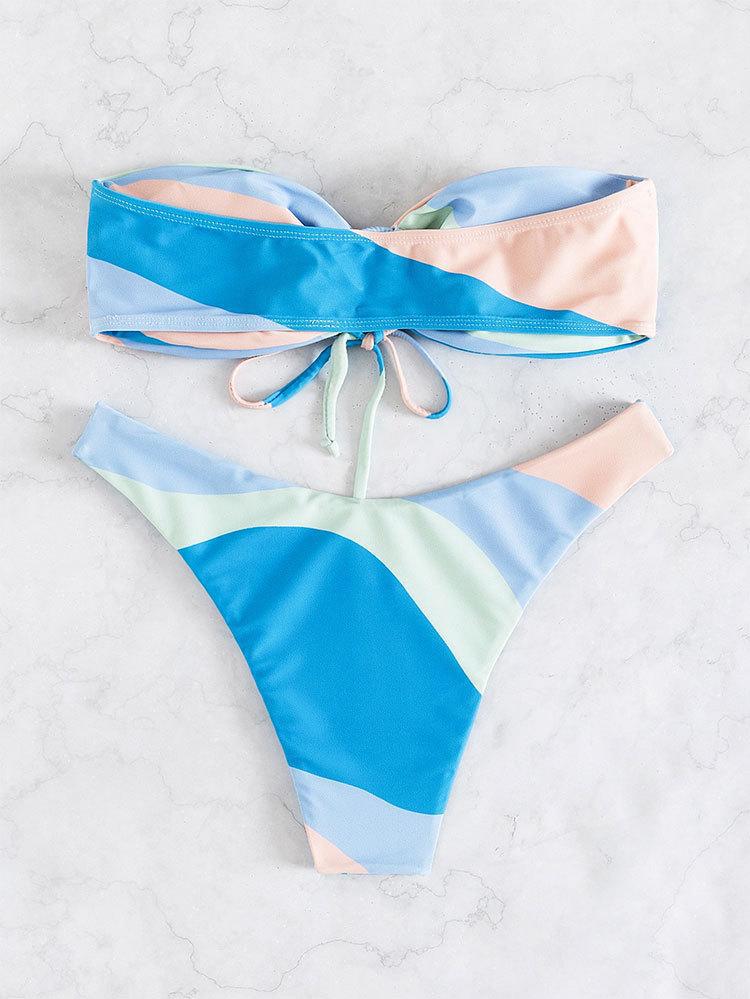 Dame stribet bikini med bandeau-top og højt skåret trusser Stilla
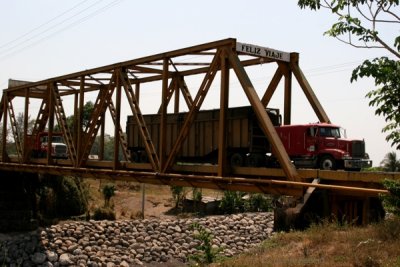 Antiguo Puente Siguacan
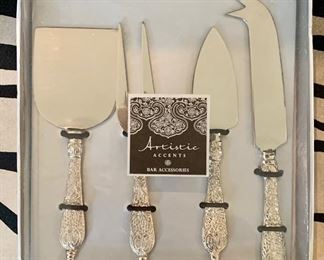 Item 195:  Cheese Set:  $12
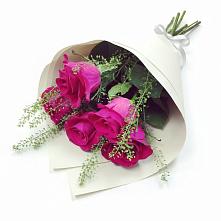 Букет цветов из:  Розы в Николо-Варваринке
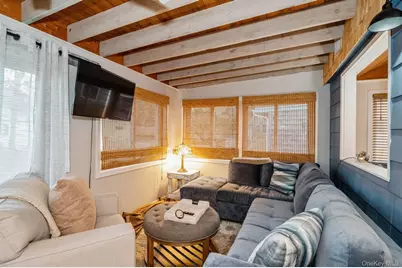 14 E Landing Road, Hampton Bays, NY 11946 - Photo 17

—————

Begin the copy at the line containing "Antiguo Puente Siguacan" and end it at the last line of the records; transcribe exactly and exclude pictures.

**Solution for this exercise:**
 Antiguo Puente Siguacan
 Item 195:  Cheese Set:  $12
 Букет цветов из:  Розы в Николо-Варваринке
 14 E Landing Road, Hampton Bays, NY 11946 - Photo 17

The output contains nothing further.